A common theme in pro-Trump circles is that Donald Trump is someone who appeals to “real Americans” — namely working class people in Middle America. But according to Washington Post columnist Max Boot, Trumpism, like all populist movements, “is based on the pernicious conceit that only the strongman speaks for the ‘real’ people and that anyone who opposes him must be an outsider or elitist who isn’t in touch with the common folk.”
“Rather than trying to help his constituents get ahead in a changing economy, Trump prefers to stoke their fury against the minorities, immigrants and ‘globalists’ he blames for their woes,” Boot writes, adding that whenever Trump denigrates blue America, his supporters applaud.

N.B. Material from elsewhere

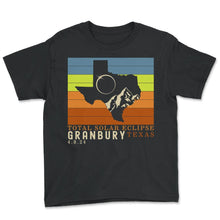 Load image into Gallery viewer, Total Solar Eclipse Grandbury Texas 4 8 2024 Eclipse T Shirt - Youth Tee - Black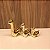 TRIO DE  LHAMAS EM CERAMICA DOURADO - Imagem 1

But at the same time, red America is aware that they are being left behind.
“Trump taps into that dissatisfaction, but it’s a crock to claim that the shrinking part of the country that he represents — white, rural and blue collar — is somehow more ‘real’ than, say, the bustling city where he was born,” Boot writes.
In the wake of New York state filing a lawsuit against the Trump administration, forcing him to settle for $ 2 million, and then filing another lawsuit to force him to reveal his financial records, “Trump made explicit that he wants an unethical quid pro quo in return for allowing New Yorkers back into Trusted Traveler — ‘New York must stop all of its unnecessary lawsuits & harassment,’” writes Boot, who contends it’s just another example of Trump abusing his authority, “just as he did with Ukraine, but he gets away with it because his followers think he’s championing their interests rather than his own.”